[Data to use — start]

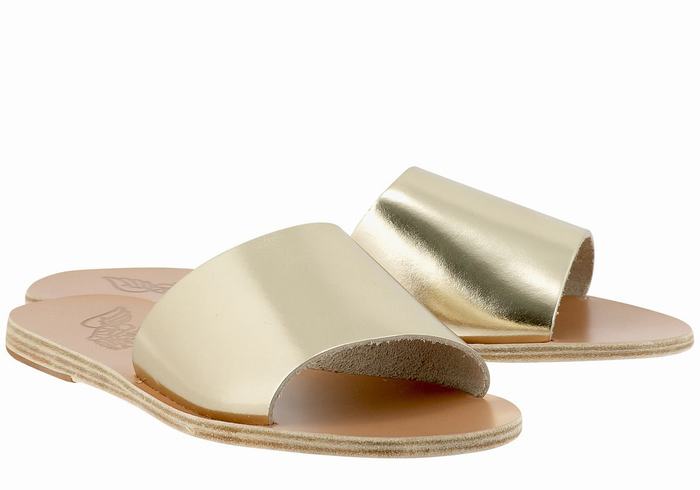 Women Ancient Greek Sandals Taygete Slide Sandals Gold White | TYR522ZR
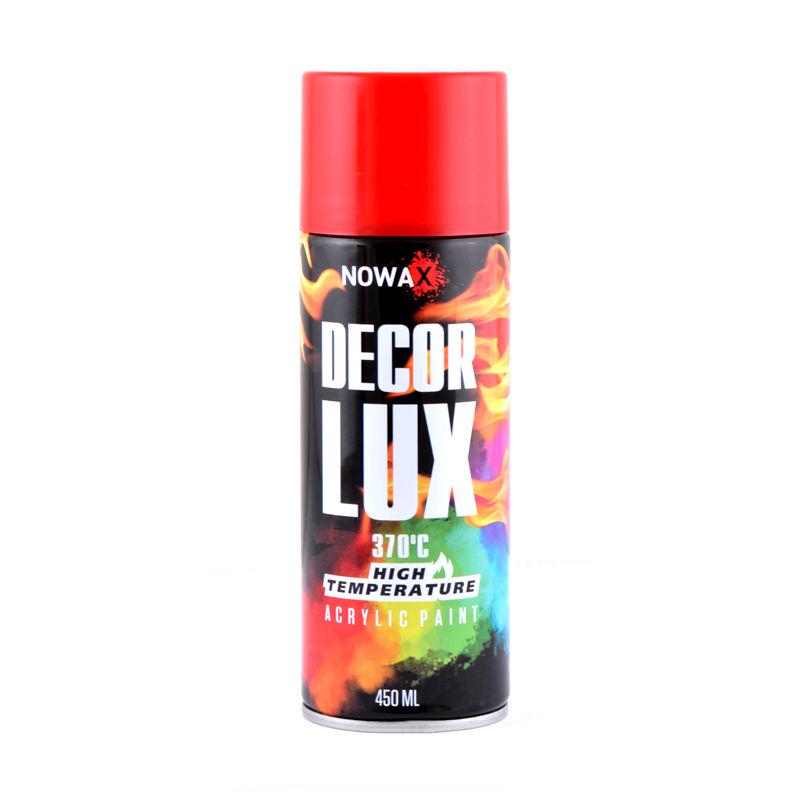 Краска акриловая NOWAX Decor Lux высокотемпературная 370°C 450 мл Red (3000) - фото 1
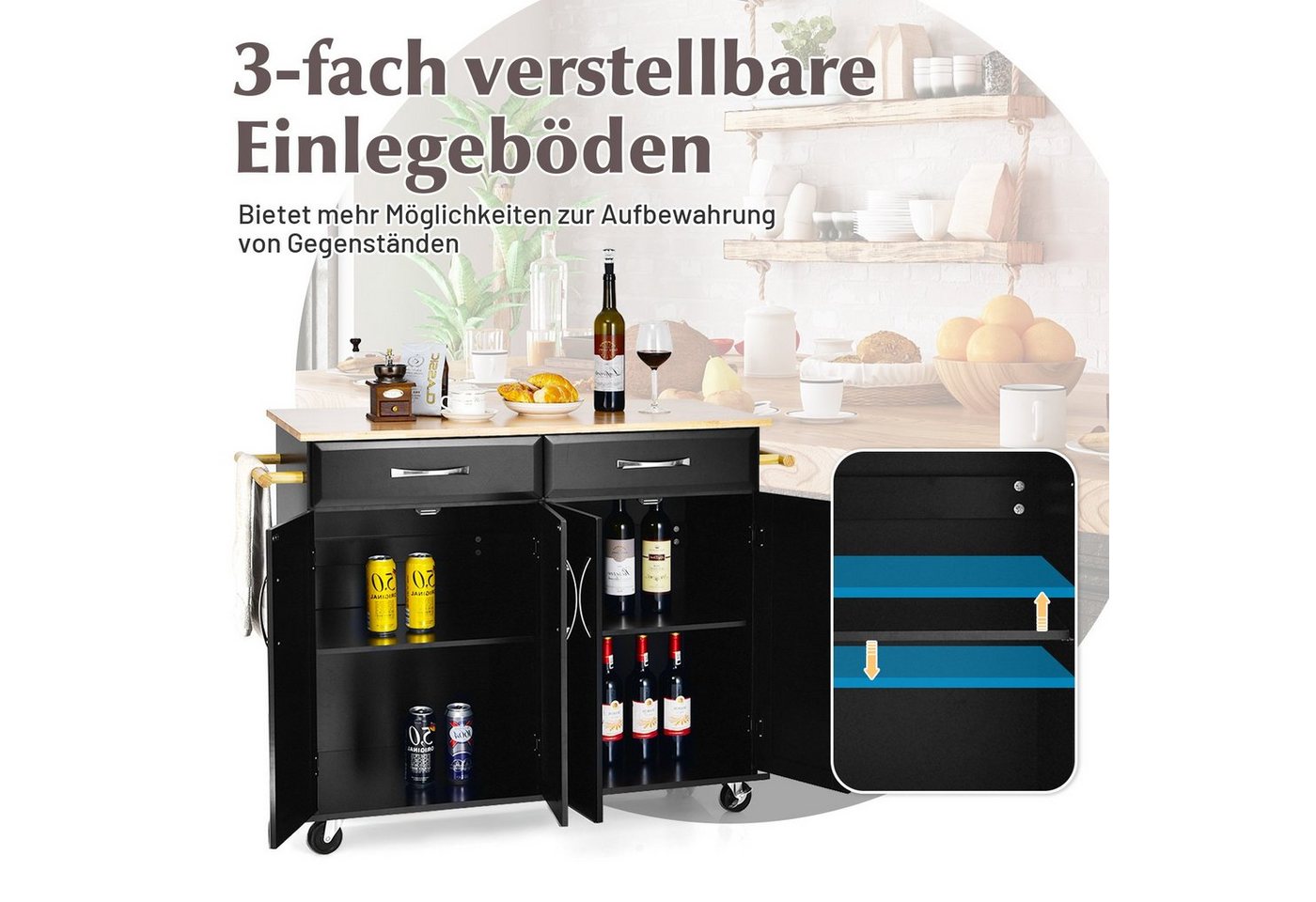 COSTWAY Küchenwagen, mit Arbeitsplatte, Schubladen, Rollen & Handtuchhalter Bild 4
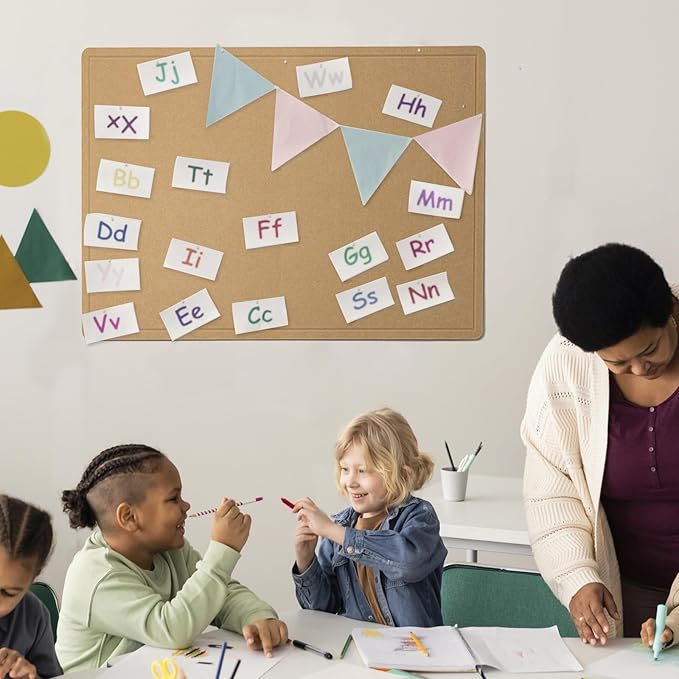 Large Bulletin Board - 48 x 36 Inches, Decorative Felt Pin Board for Wall - 4' x 3' Foldable Photo Display Board with Self-Adhesive Tape, Includes 20 Push Pins - Ginger Yellow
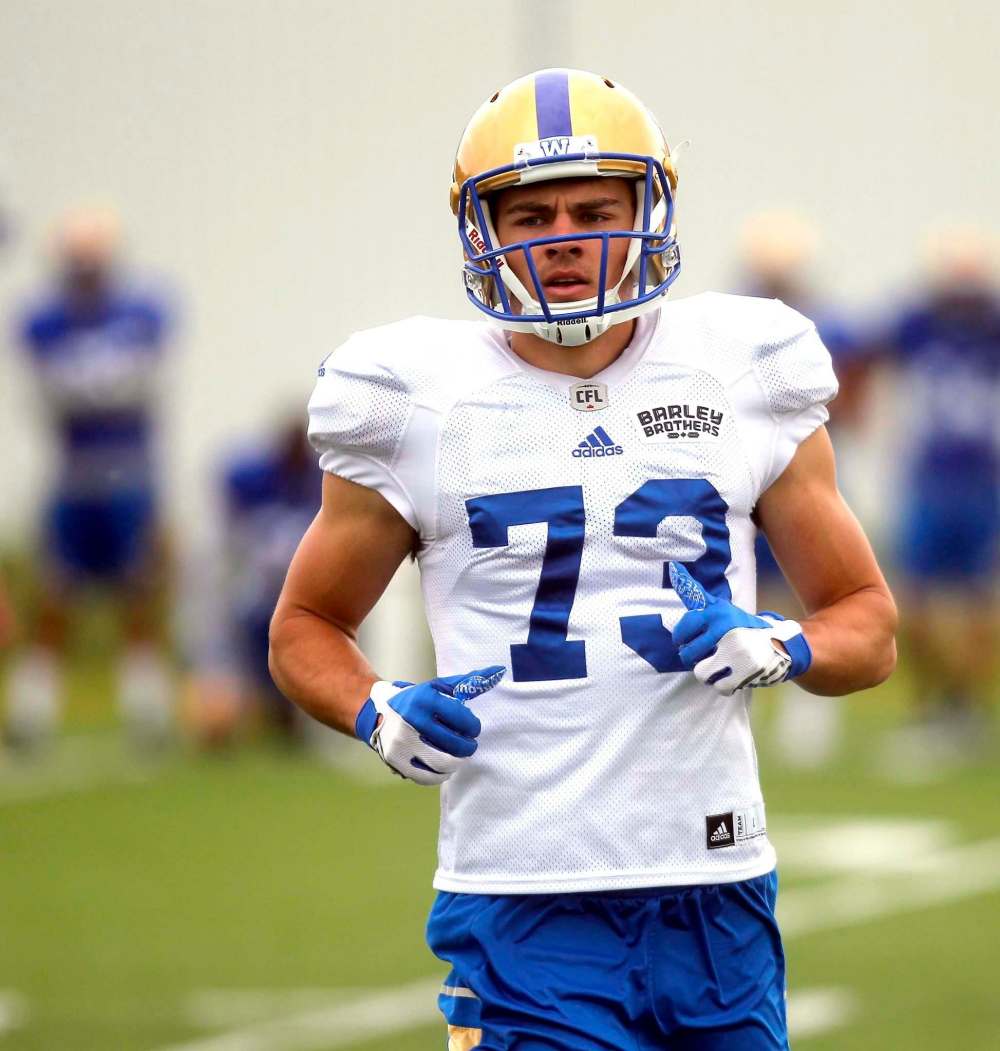 BORIS MINKEVICH / WINNIPEG FREE PRESS
Winnipeg Blue Bomber's Xander Tachinski at camp, Tuesday.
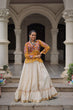 Load image into Gallery viewer, Off White Kora Cotton Gota-Patti Lehenga with Yellow Bandhani Kutchi Patchwork Top ClothsVilla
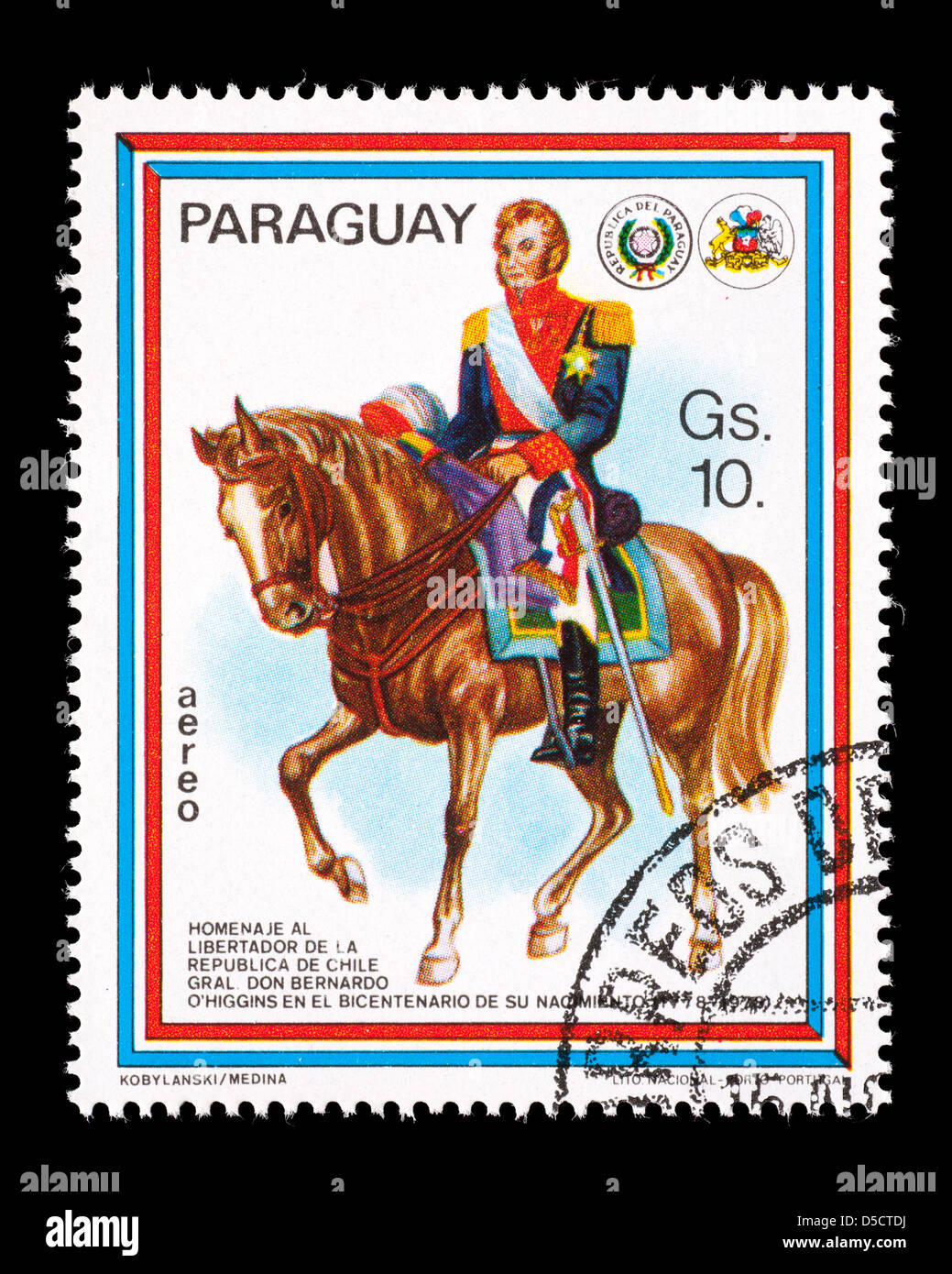 Postage stamp from Paraguay depicting General Bernardo O'Higgins, bicentennial of birth Stock Photo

[Data to use — finish]

* _Instructions for the task_
For this exercise, transcribe exactly the part of the records above that opens with the line containing "Large Bulletin Board" and closes with the one containing "Load image into". Pictures are not part of the copy.

* _Task solution_
 Large Bulletin Board - 48 x 36 Inches, Decorative Felt Pin Board for Wall - 4' x 3' Foldable Photo Display Board with Self-Adhesive Tape, Includes 20 Push Pins - Ginger Yellow
 BORIS MINKEVICH / WINNIPEG FREE PRESS
Winnipeg Blue Bomber's Xander Tachinski at camp, Tuesday.
 Load image into Gallery viewer, Off White Kora Cotton Gota-Patti Lehenga with Yellow Bandhani Kutchi Patchwork Top ClothsVilla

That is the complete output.